Know What Roles You Actually Need
Most event photography businesses start with a primary shooter (you) and one second shooter. As demand grows, add a photo editor, a dedicated coordinator who communicates with clients on shoot day, and eventually a second full-time second shooter. Don't hire faster than you have bookings to support—empty payroll kills margins.
For weddings and conferences, a second shooter is non-negotiable; they capture moments you miss and provide coverage redundancy. For corporate events or smaller engagements, you might use a rotating contractor basis instead of salary. Clarify this before posting the role.
Hiring: Look for These Specific Qualities
Don't just check portfolio size—examine consistency. A second shooter needs:
- Technical foundation: Manual mode competency, basic lighting knowledge, understanding of white balance across venues
- Reliability: Shows up 15 minutes early, communicates proactively if problems arise, delivers files on deadline
- Client-facing composure: Works smoothly with anxious brides, demanding corporate planners, and intrusive guests without attitude
- Collaborative mindset: Takes direction, doesn't ego-protect their shots, and knows their role complements yours, not competes
Ask candidates to shoot a paid test event ($300–$500 shoot fee) before hiring. This reveals how they handle real pressure and whether their style matches yours. Check references with previous clients, not just photographers.
Training: Build a 4-Week Onboarding System
New team members need clear frameworks, not vague mentorship.
Week 1-2: Shoot alongside you at 2-3 events as observer-only.
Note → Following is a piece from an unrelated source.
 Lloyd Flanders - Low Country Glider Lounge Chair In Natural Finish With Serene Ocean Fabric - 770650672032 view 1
They watch your approach, camera settings, posing direction, and client interaction. No shooting yet.
Week 3: Second shooter role on a lower-stakes event (smaller wedding, corporate lunch-and-learn). Debrief immediately after: review image selection, discuss what you'd do differently, and clarify shot lists.
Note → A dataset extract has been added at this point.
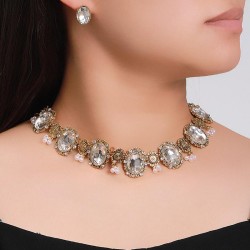 fashion retro medium noble shine gem concise short style necklace earring woma..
Week 4: Solo assignment with you on-call via phone/text. This proves independence before they work without supervision.
Create a one-page shoot checklist including:
- Must-have shots for your event type (first dances, group photos, detail sequences, candid moments)
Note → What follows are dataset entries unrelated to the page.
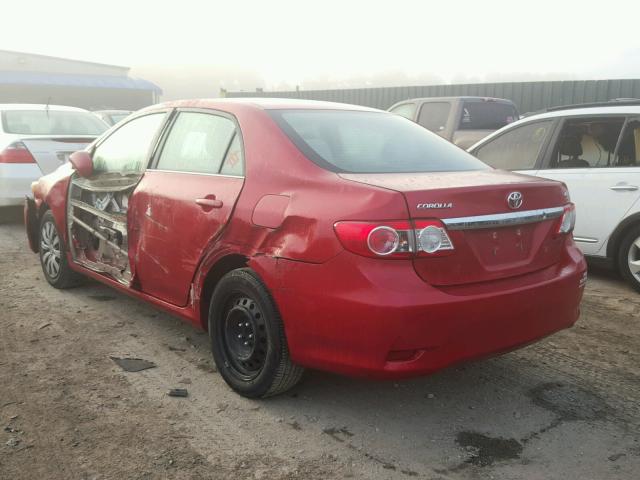 2T1BU4EE2DC125151 - 2013 TOYOTA COROLLA BA RED photo 3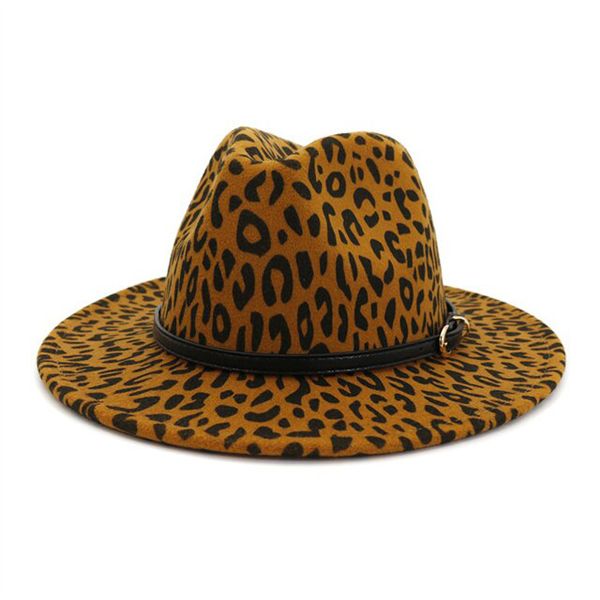 Fedoras Hats for Women Leopard Pattern Belt Winter Women Hats Men Hat Felted  Panama Fashion 2021 SombrDe Mujer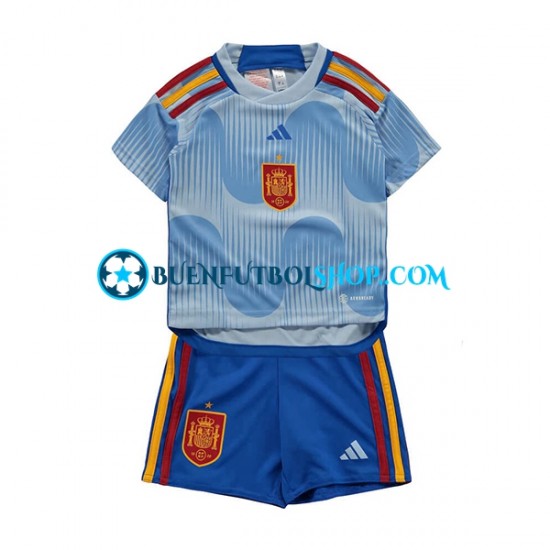 Camiseta de Fútbol España World Cup 2022 Segunda Equipación Manga Corta Niño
- Lighting notes specific to common venue types
- Backup equipment list
- Communication protocol during the event
Provide access to your client questionnaires and shot list templates. Most new hires fail because they guess at priorities, not because they lack skill.
Managing Remote Contractors vs. W-2 Employees
Contractors (1099): Hire for specific events, pay per shoot ($200–$500 range depending on region and event type), minimal overhead. Ideal when bookings are inconsistent. Include signed contracts covering deliverables, file ownership, and exclusivity clauses.
W-2 Employees: Salary + benefits, typically $35,000–$50,000 annually for a dedicated second shooter in mid-tier markets. Justifiable once you're booking 40+ paid events per year. You control training, scheduling, and brand consistency better.
Use scheduling software (Asana, Monday.com, or even shared Google Sheets) so everyone knows who's shooting when, where clients want images sent, and turnaround deadlines.
Build Accountability Into Your Workflow
Establish concrete expectations: second shooter delivers sorted, color-corrected selects within 48 hours of an event. You handle final culling and delivery. Define exactly what "color-corrected" means—show examples from past shoots.
Monthly check-ins prevent small frustrations from becoming departures. Ask: What went well? What was confusing? Do they need better equipment? Adjust quickly.
Scaling Your Services on Mercoly
As your team grows, you'll handle more volume but also face more customer acquisition pressure. Listing your event photography services on Mercoly helps you get discovered by leads searching for packages, builds credibility, and lets you showcase team capabilities—plus you can sell products like albums or prints directly through the platform.
Frequently Asked Questions
Q: How much should I pay a second shooter per event? Regional rates typically range $200–$400 per event depending on duration, your market tier, and whether they're contractors or employees; established freelancers in major cities often command the higher end.
Q: What if a team member's style doesn't match mine? Address it early—by week 3 of training—through specific examples (show a shot and explain why the angle or timing misses your vision); if the gap doesn't close within a month, part ways before client complaints force the decision.
Q: Should I require team members to use the same camera gear? Not necessarily, but standardize on sensor size and autofocus system (both Canon, both Sony, etc.) so file compatibility and backup equipment seamlessly cross-assign during shoots.
Start your team-building journey by hiring your first reliable second shooter, then invest in systematic training before adding roles—consistency beats speed when building reputation.